The only large scale roll out of a significant new approach to public service delivery so far has the been the Department of Work & Pensions’ (DWP) Work Programme. That commissioning process didn’t work out too well for social enterprises but, equally importantly, while the Prime Minister cites the programme as an application of the principle that ‘Public services should be accountable to users and to taxpayers’ it’s difficult to see how this new programme is more accountable to the unemployed people who use back to work services.

The contracting process for the Work Programme and the ‘payment by results’ system seems to be an example of the government discharging its responsibilities to large private sector providers at the lowest possible cost while creating the conditions for those providers to under-prioritise the needs of the most vulnerable service users.

The Work Programme example illustrates that whatever its principles (and there no reason to doubt that these principles are deeply held) the over-arching practical driver of policy since the coalition came to power has been the search for short term cost savings. Even in times of plenty it is the government’s responsibility to act in a way that ensures good value for money for all of us as taxpayers. We aren’t in times of plenty and some short term savings are clearly necessary but there is big potential for conflict between an approach to Open Public Services that prioritises makes public services as cheap as possible in the short term and an approach designed to deliver a vibrant and diverse marketplace where a wide range of providers can offer services that deliver positive long term change (and financial sustainability).

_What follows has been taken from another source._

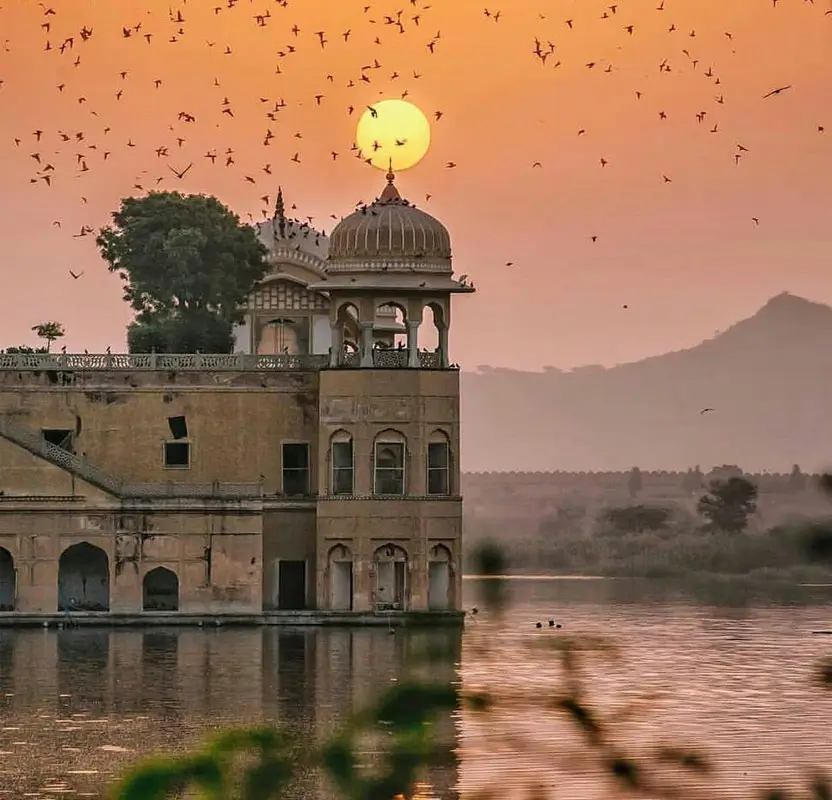 Same Day Jaipur Tour from Delhi by Car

The danger is that the practical outcomes of the Prime Minister’s laudable aims will be that large private companies will get to hoover up lucrative public service contracts while less lucrative work gets ‘decentralised to the lowest appropriate level’ for armies of volunteers will to deliver it for free.

So far, the results of the much touted drive for public service mutualisation amount to a situation where  “20 groups of public sector employees have opted to create their own new public service ventures.” and, as yet, there have been no practical measures taken to make it easier for existing successful social enterprises to deliver more public services. As Peter Holbrook points out, the reality is that social enterprises trading with public sector are preparing to cut staff rather than take them on.

I’m not one of those who believe that social enterprises, simply by virtue of being social enterprises, deliver public services in a way that maximises positive social outcomes but I believe that the best ones do. I also believe that the approach of the best social enterprises, delivering local services responding to the needs and drawing on the experiences of people who use them, is the right approach to delivering services – whether the organisation doing that delivery is public, private, charity or social enterprise. If the government agrees then just saying so isn’t enough. What are they going to do to make it happen?